ACTION ITEM: Leaving out the pictures, retype the lines from the top of the listing through the line with "CC SUN HAT MODEL IVORY WITH SEQUINS 673927" exactly.

-- TASK INPUTS follows --

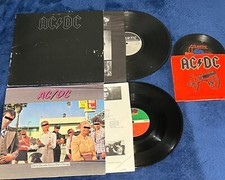 Usado, 1976, 1980, 1981 OG AC/DC Vinyl Album Lot: Back in Black, Snowballed Dirty Deeds comprar usado  Enviando para Brazil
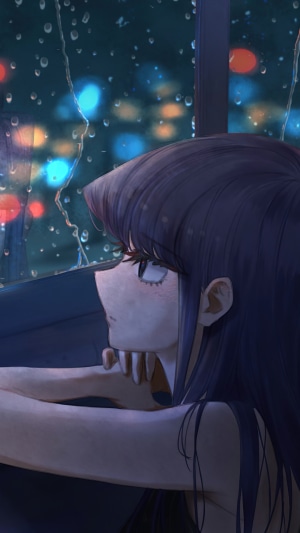 Komi Shouko from Komi Cant Communicate looking out a window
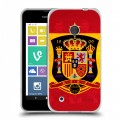 Дизайнерский пластиковый чехол для Nokia Lumia 530 флаг Испании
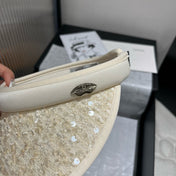 CC SUN HAT MODEL IVORY WITH SEQUINS 673927
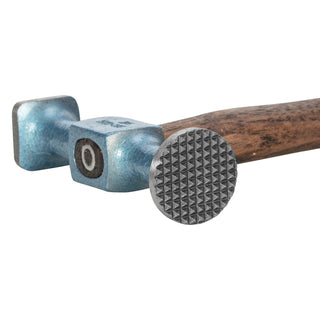 Picard 2522212 Checked Face Planishing Hammer with Hickory Handle, 300g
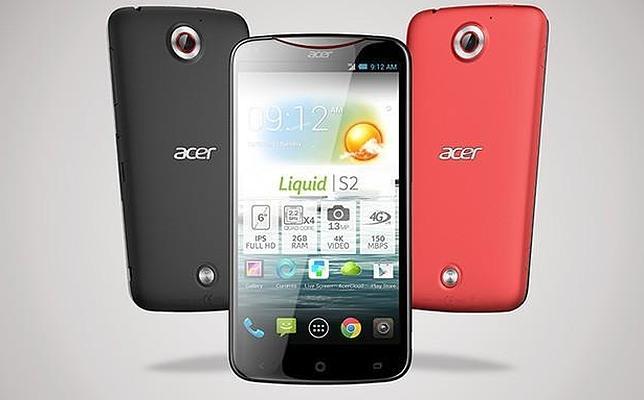 Acer anuncia el «phablet» Liquid S2, el primero en grabar en 4K UHD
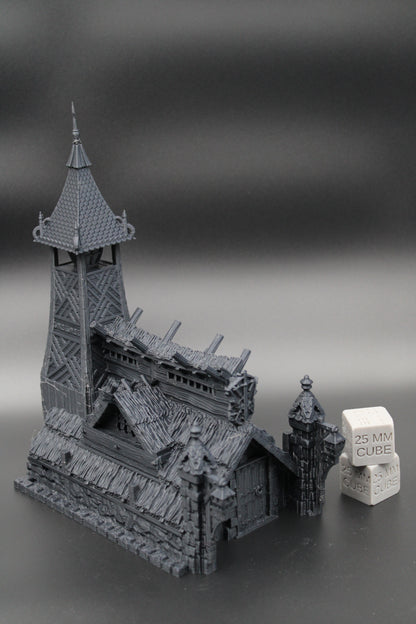 Tabletop Terrain Viking Temple Warchief Dnd RPG Wargame Skirmish 28mm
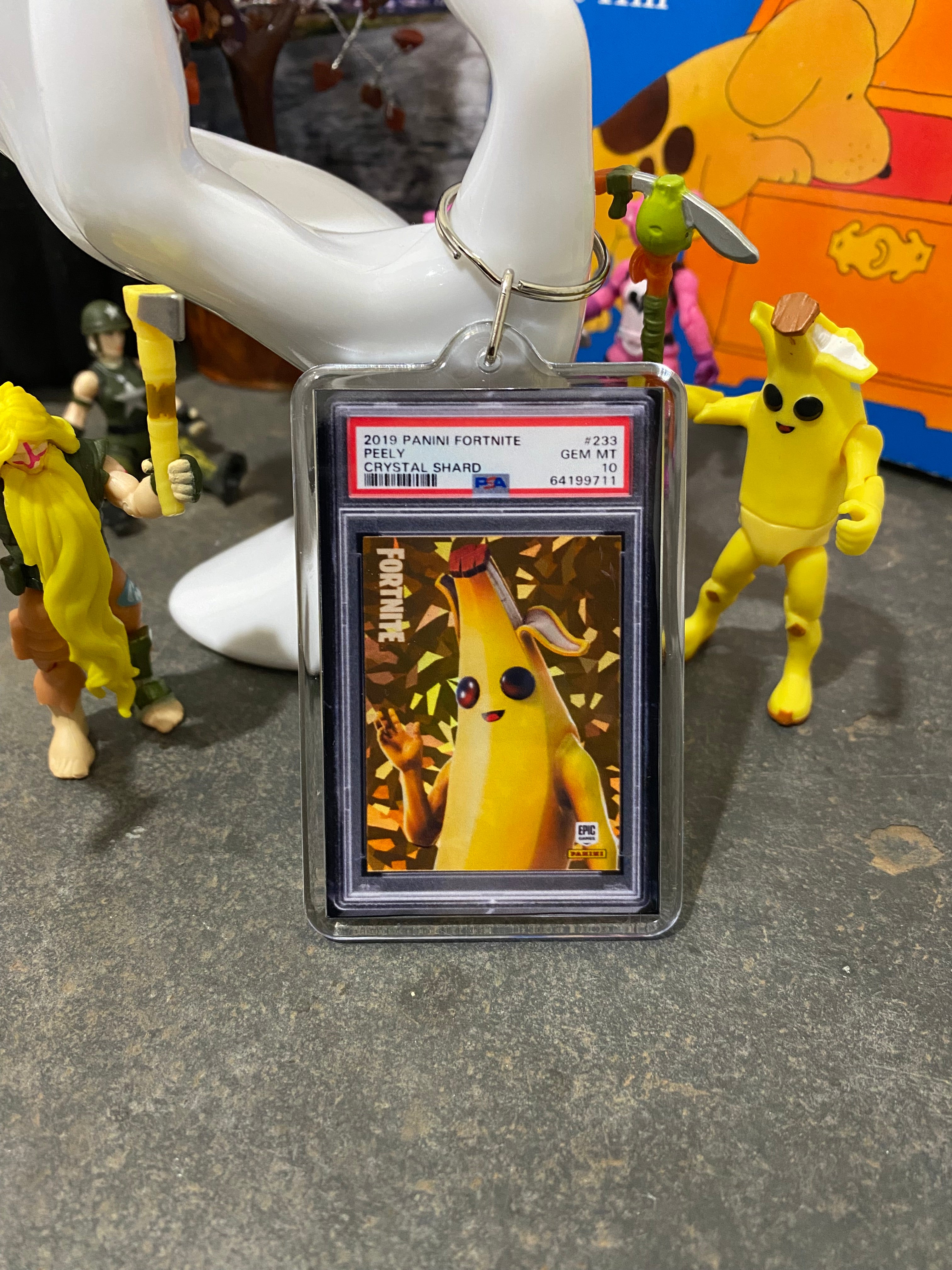 2019 Fortnite Peely PSA Slab Keychain – The Velcro Viking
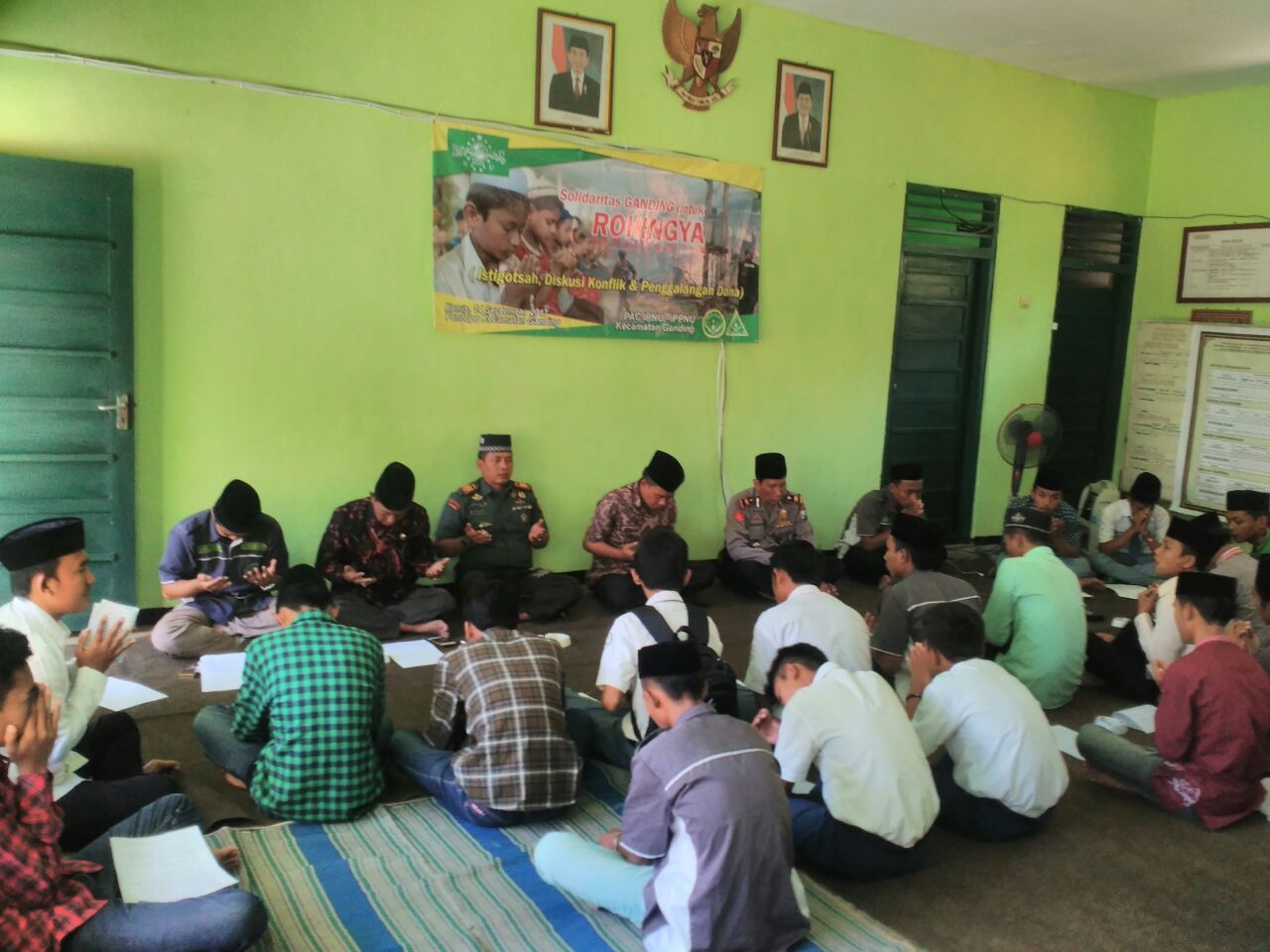Peduli Rohingya,Forpimka dan PAC IPNU  Ganding Gelar Doa Bersama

-- TASK INPUTS concluded --

OUTPUT OF THE EXERCISE:
 Usado, 1976, 1980, 1981 OG AC/DC Vinyl Album Lot: Back in Black, Snowballed Dirty Deeds comprar usado  Enviando para Brazil
 Komi Shouko from Komi Cant Communicate looking out a window
 Дизайнерский пластиковый чехол для Nokia Lumia 530 флаг Испании
 CC SUN HAT MODEL IVORY WITH SEQUINS 673927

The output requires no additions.